Abba’s ‘SOS’ leads to self-rescue from frigid, howling hell in ‘the hills’
“Look at me! You are not going to die on this mountain,” my daughter told my other daughter.
Mild hysteria had followed mild hypothermia. We were high up in the Cederberg on Monday.
This was our annual daughters-and-dad hike in “the hills” as climbers like to call these sacred, high places.
More precisely we were roughly 700m below the highest peak in this fascinating range three hours north-west of Cape Town.
We were not meant to be on the lower flanks of Sneeuberg.
Our perfectly planned return to the first hike my daughters, then aged nine and 11, ever did with me, the Tsitsikamma trail, had turned to ash.
From the fiery gale-fanned maelstrom of the Garden Route, where people died last week, we were now in the eye of an icy, howling Antarctic front.
“Look, it’s ice, not rain!” exclaimed RosaKaroo as we gaily trekked with our four days’ worth of gear and supplies to our next campsite 8km away over and through a small nek and around towering Sneeuberg peak, now shrouded in a dark grey cloud.
Gusty fists were pummeling the Maltese vlakte, and barreling into us. We were prepared. We knew the three-day front would drop the temperature to “12°C”, we had a good tent, lots of gas, and dry and wet thermal layers and so on. And a damn good Slingsby map. Two actually, in case of snakes.
We’d departed from Sneeuberg hut, a delightful stone-and-zinc livestock shelter, its floor spread with soft sedge grass, with a wonky wooden door and wonkier wooden flaps over two hatchet-like little windows. One wall is the side of one of the millions of gigantic, twirled and twisted wind-sculpted boulders which make up these mutant mountain slopes.
The girls took one look at it and declared it a creepy hovel out of a horror flick.
This would change.
Our trail took us past the turnoff to the Sneeuberg summit route, which involves easy C-grade scrambling, but without climber’s confidence the step-across and bridging moves would, if cocked up, send one flying and bouncing down to a certain death 600m below.
But we were taking a safe, fairly level, contour path with one small uphill through Kok se Poort and we’d be through.
We passed the dreaded summit path cairn and came the mighty cairn for our route more travelled.
Up we went. The path was good, but damn, it was steep!
It headed straight up to a dark V and the rest was in cloud.
Finally we hit a notch where a few climbing moves were required.
We were suddenly, as climbers say, “a bit gripped”.
It was darker, the wind was really blustery, and it was cold.
But we heaved those packs up, did a final mantle shelf move and found ourselves just below the saddle of “Kok se Pass”.
One daughter was by now cold. The other said she would do a quick recce of the top.
She vanished. Dumb move, I told myself, never split the group.
She returned. “It’s really windy up there and the path keeps on going up the hill,” she reported.
Well, we’d have to see.
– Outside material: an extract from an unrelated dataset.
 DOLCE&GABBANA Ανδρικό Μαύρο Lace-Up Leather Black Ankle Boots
We all went up and suddenly all hell broke loose.
A wall of wind so frigid that our hands immediately seemed to stop working properly literally tore into us. But no, I would just check one more time, and up I went till a rock band stopped me and the cairns vanished.
As I told the girls it was done, we were retreating, the storm became a frozen scream, sending us to our knees, my stupid pack rain cover was ripped off, and cartwheeled away in front of us and over the steep edge.
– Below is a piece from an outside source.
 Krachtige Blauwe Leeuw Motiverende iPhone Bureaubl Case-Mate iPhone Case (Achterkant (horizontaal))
We regrouped below the top of the saddle, but the wind sent ice into our bones. We were a few thermal layers short and hypothermia was setting in. It was at this point that the thinnest of our group wept. And got the speech.
The chance of a bad fall felt real. Every mountain terror I’ve known, a friend with a broken back lying bloodied on a Magaliesberg ledge, seemed to stick in my gut – these were my own precious daughters.
I cursed Slingsby and Kok for being cruel sandbaggers, I cursed the raging front in November, I cursed climate change and I cursed my fat ass and fading powers in this 59th year.
Shouldn’t have bothered. That weeping child became a motivated young woman and we belted down from whence we had come.
At the lip of the 8m notch there was no hesitation.
They sang Abba’s SOS.
Down she went, all those basic mountain skills on display.
Ninety minutes later, those happy girls threw open the door of the Sneeuberg shelter and declared it as good as “Jesus’ manger”.
The tent went up inside, the stove was lit and we brewed up.
Later we learnt that snow hit Shadow Peak across the valley and campers took the temperature at 2°C.
We three snuggled deep into many layers of comfort.
Then, the older child: “Dad, can I see the map?”
“You totally took us up Sneeuberg!”
● We hiked to about 200m below the summit which is 2,027m high.
ALL COLD COMFORT: An annual daughters-and-dad hike in ‘the hills’ as climbers like to call these sacred, high places, ended on a frosty note.